My love for novels does seem to exceed my desire to write at times. I have made a plan for 2015 to read one book a month and have written a chapter every other month. March came and went and I had only completed two novels, and my first chapter only half done (I say “done” loosely). Two days before April arrived I finished Cold Mountain, a novel I wanted to read before I hiked Cold Mountain here in North Carolina. I found myself sitting by the window, amazed at the description of nature within that novel–having apparently read Whitman a long, long forgotten time ago, it seemed quite unparalleled! How well Frazier knew the trees, the foliage, and the toll of weather within the mountains. I glanced down at my own descriptive tenses and thought, yes, you need more trees in this scene. Then, looking out my window for help I glanced at the trees eager to scribble down their effects. Sadly, I have no idea the nomenclature of trees, and realized that this writer’s influence is beyond my own abilities to story-tell.

It is time for a new novel to read–and what influences me more than anything??? A British writer—in this instance, Austen. Yes! that’s it! I picked up Persuasion from my bookshelf and began chapter one.
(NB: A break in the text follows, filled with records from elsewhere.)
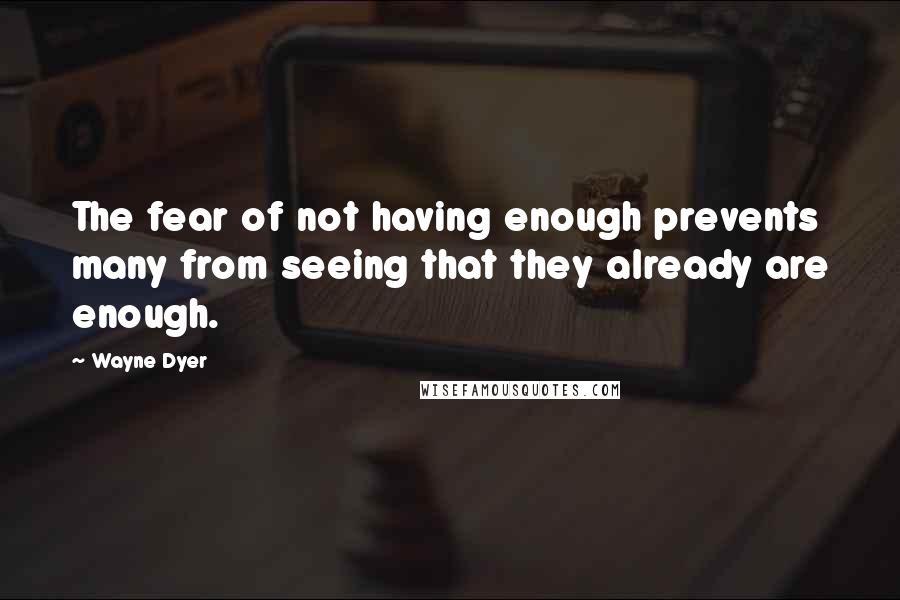 Wayne Dyer Quotes: The fear of not having enough prevents many from seeing that they already are enough.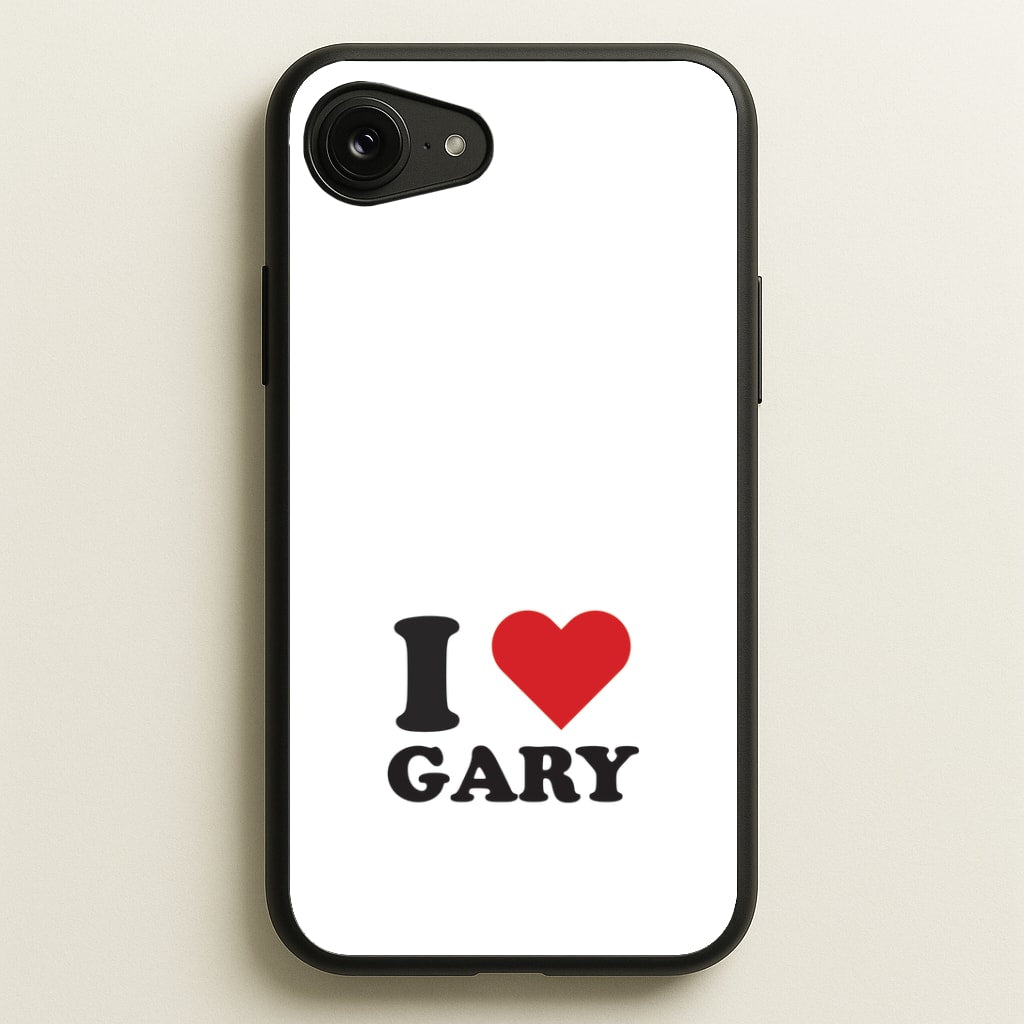 I Love Gary iPhone 16e Case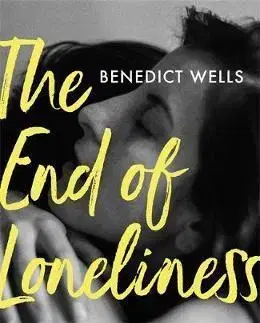 V cudzom jazyku The End of Loneliness: The International Bestseller - Benedict Wells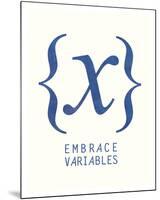 Embrace Variables-Urban Cricket-Mounted Art Print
When that was done, the need for something more British overtook me and I bought all of Downton Abbey Season 5 on Amazon. And so with tea in my cup and an imaginary scone to the side of my teapot, I will be induced to write less on trees and the entrails of dead animals (that which I know little) and more from my own thoughts and impressions that live and form an imagination that is in desperate need to get to it. That being said, this need for something more British will get pencil to paper with magnetic force.